## [ABOUT THIS EXERCISE]
Quote the whole listing exactly. Leave the pictures out of your copy.

## [GIVEN INFORMATION]
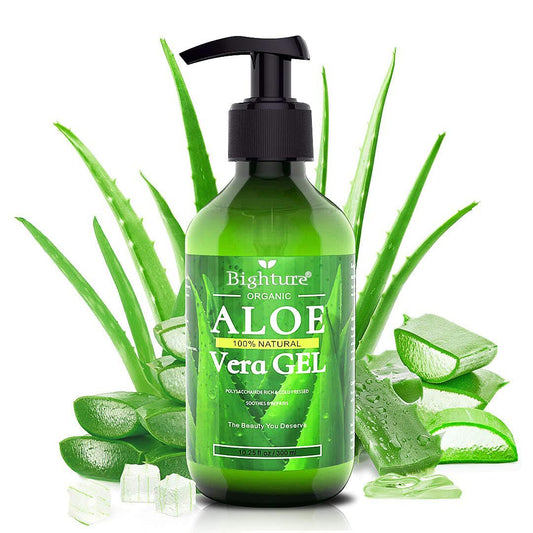 BIGHTURE front label on aloe gel jar showing clear ingredient focus and benefit
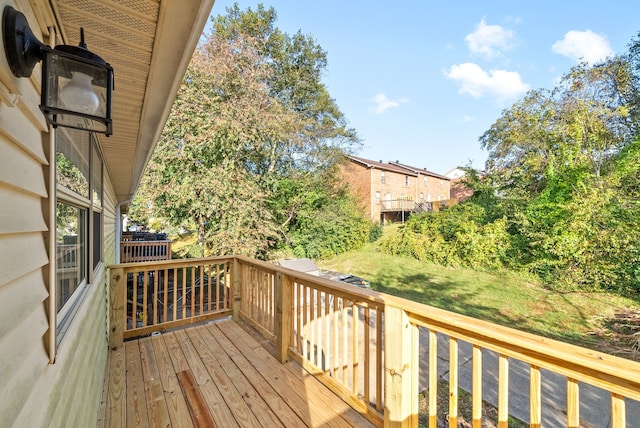 wooden terrace with a lawn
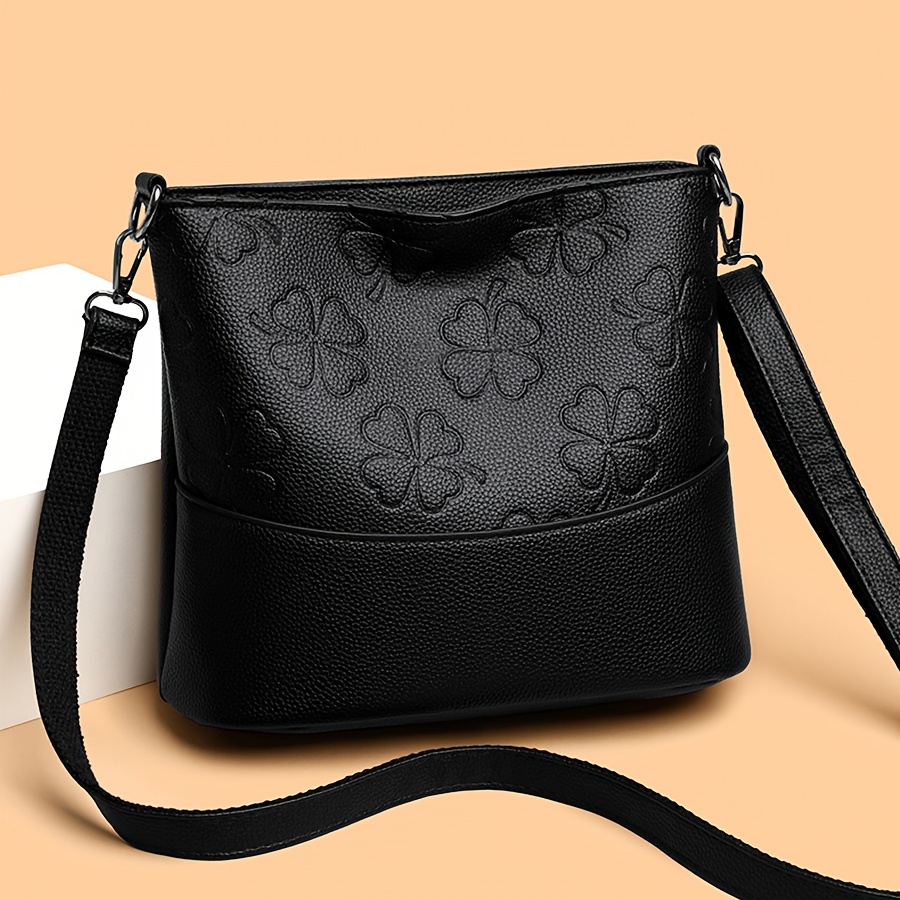 Image of Women's Large Capacity Bucket Bag With Crossbody/shoulder Strap - Elegant Handbag Suitable For Moms, Casual &, Zipper Closure, Oil- Edges ( In Ginger//)
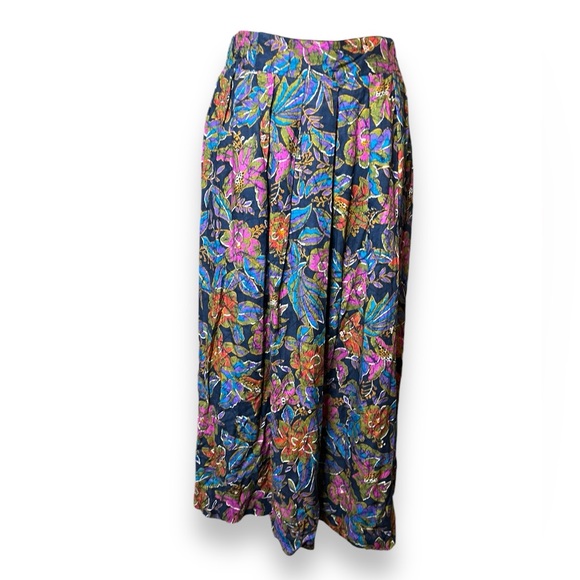 Vintage Norton Mcnaughton women’s leafy floral maxi elastic band skirt V… - Picture 1 of 10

## [REPLY TO THE TASK]
 BIGHTURE front label on aloe gel jar showing clear ingredient focus and benefit
 wooden terrace with a lawn
 Image of Women's Large Capacity Bucket Bag With Crossbody/shoulder Strap - Elegant Handbag Suitable For Moms, Casual &, Zipper Closure, Oil- Edges ( In Ginger//)
 Vintage Norton Mcnaughton women’s leafy floral maxi elastic band skirt V… - Picture 1 of 10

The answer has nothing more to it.